If it was a matter of social and economic advantages, Anna had already guaranteed them by marrying the marquis. His first wife’s settlement was substantial, and hers could have been even bigger; a mutual break up wasn’t in the marquis’ best interest. On the other hand, ther are testimonies of the 2 servants, Felice and Oliviera, that mentioned they heard the couple fighting and yelling, saw Anna crying and heard her, at least once, vent. On that occasion she transformed from the marquise back into the poor girl she was before the marriage, exclaiming: “It’d be better to eat onions and bread and live like a bum where I came from than to accept the rules of this corrupt world, full of people who make me sick. If this continues, one day or another I’ll toss it all to the wind and go back home”.

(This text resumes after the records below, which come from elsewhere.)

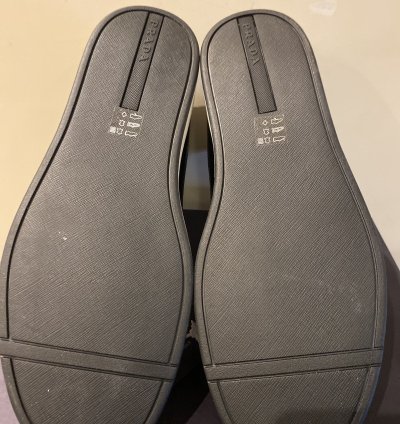 Prada High Top Leather And Nylon Sneakers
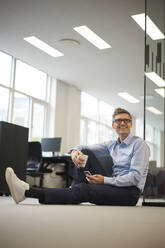 Smiling businessman with smart phone and coffee cup at office - JAHF00140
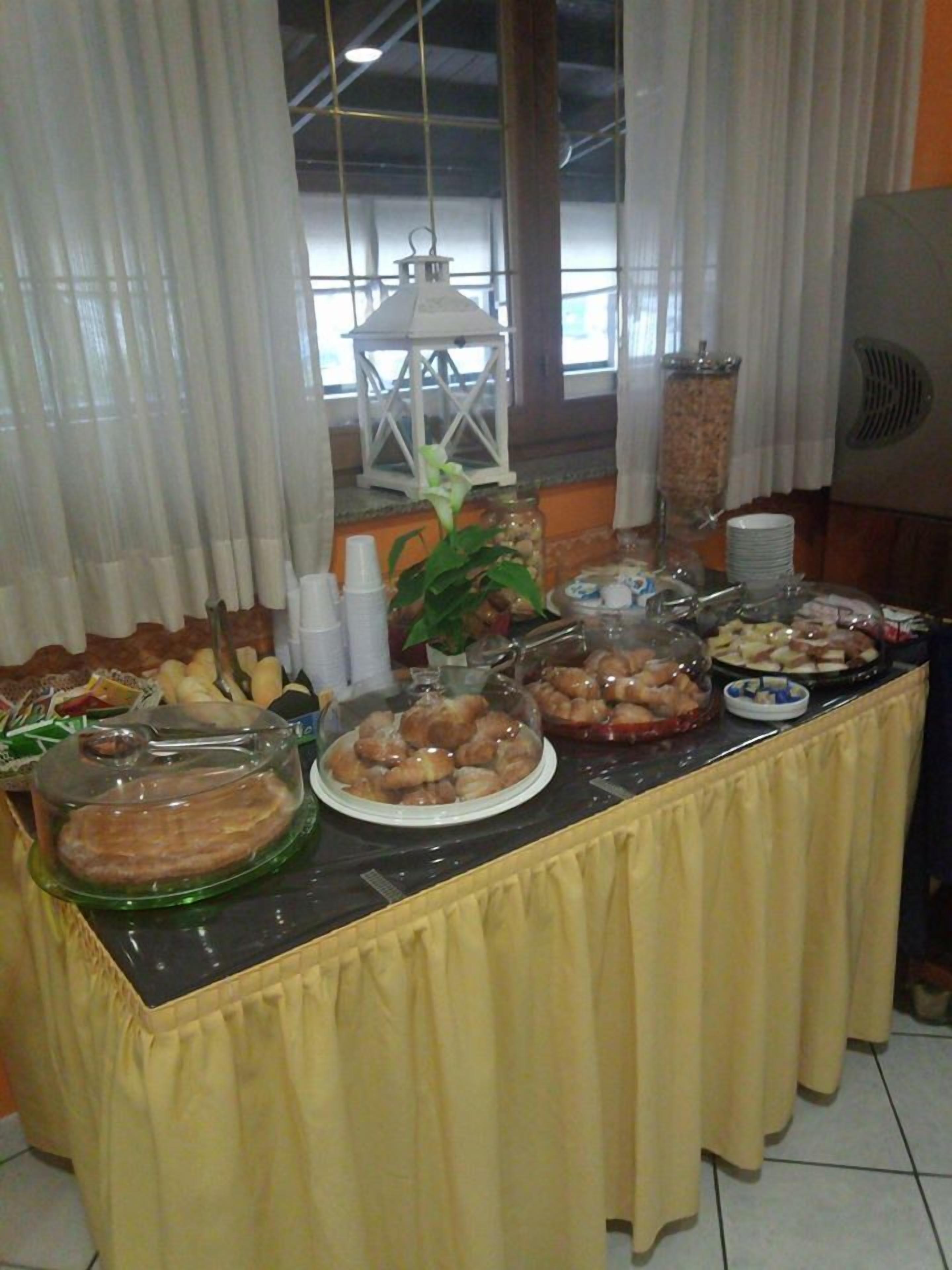 Una mesa de buffet con distintos alimentos, una planta en maceta y un farol colgante.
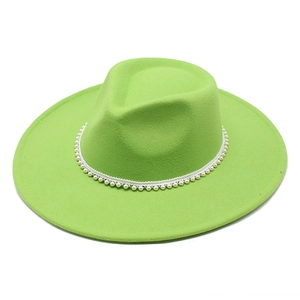 Close-up of light green wool fedora hat featuring elegant white pearl bead trim detail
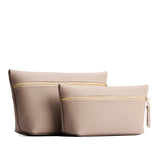 Stone | Two large leather makeup bags with zipper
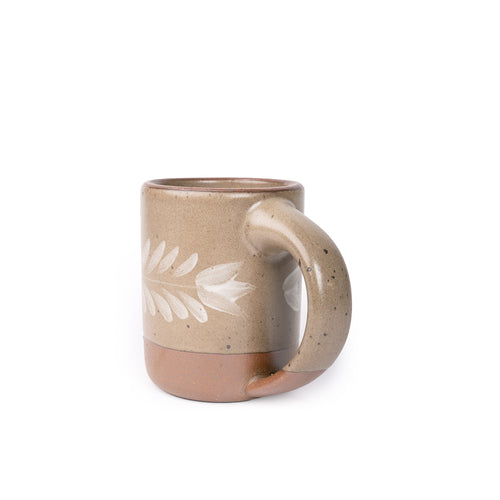 Side profile of a pale warm brown ceramic mug with a hand-painted white leaf motif and exposed clay base on a plain white background.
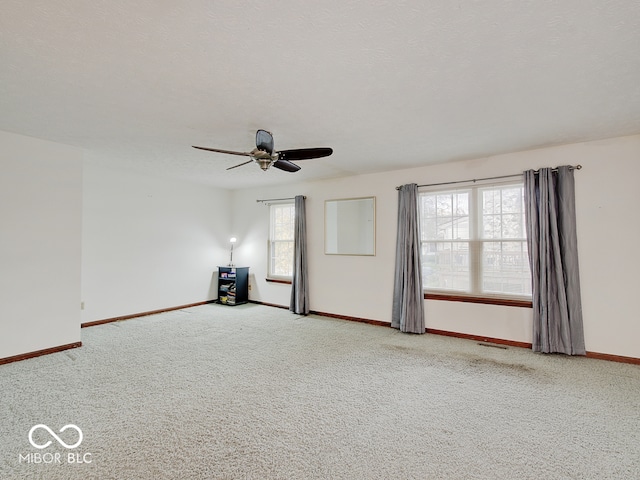 carpeted empty room featuring ceiling fan and a textured ceiling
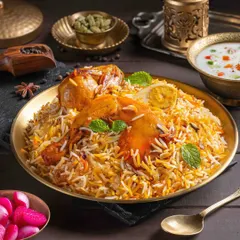 A magnificent Chicken Biryani, styled with whole spices and fresh mint. The focus is on the long-grain basmati rice and succulent chicken pieces, creating an image that speaks of authentic flavor and aroma for The Mughal House.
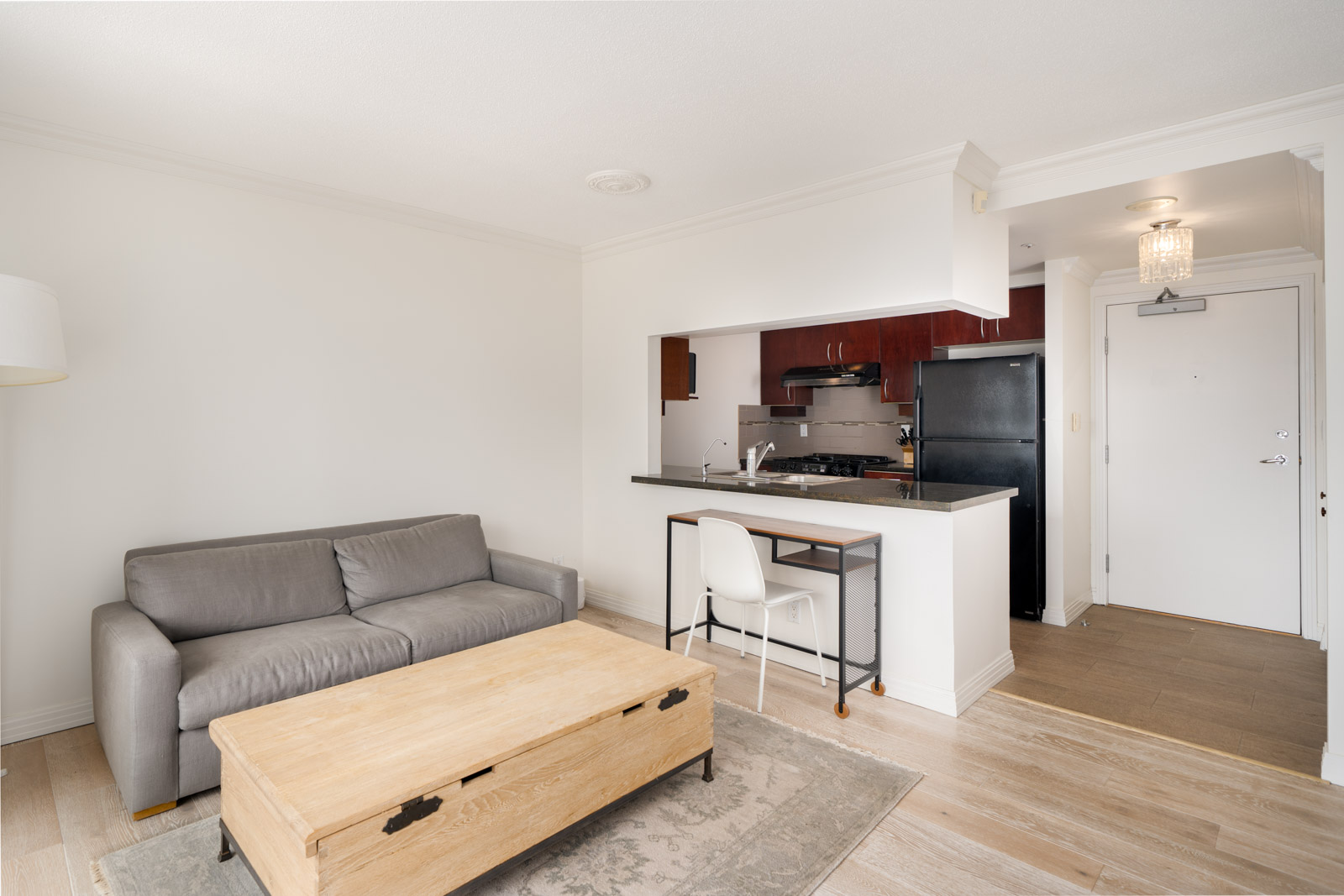 Modern studio apartment at 189 Davie St, Vancouver, with a gray sofa, wood coffee table, small kitchen, and light wood floors.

This was one aspect of Anna’s personality and the tone of the whole affair. The other, almost diametrically opposed aspect, belonged to the woman who allowed herself to be photographed nude hundreds of times –in such immodest poses – and to be had dozens of times by the first stranger who passed by. How could she have done all that if she didn’t also have some natural propensity for such erotic games or, more crudely, such perversions? Perhaps, though, she did it because she nursed some kind of bottomless unhappiness deep down.
Speaking of perversions, Freud had an opinion that gives us something to think about: “The omnipotence of love” he wrote “never reveals itself as strongly as it does in its own aberrations”. It’s precisely this “omnipotence” that makes such a high toll because it manifests itself “by transforming the beloved into an object”. He believes, and perhaps he is right, that a “pervert” is simply someone who acts on what people only fantasize about. But this is exactly the difference and, if true, also the premise of this tragedy: perversion is governed by its own precise rules , one of which is the objectification of the loved one. At the very instant Anna began to choose and decide on her own, abandoning her role of the “object”, she broke the rules, and the tragedy was set into motion.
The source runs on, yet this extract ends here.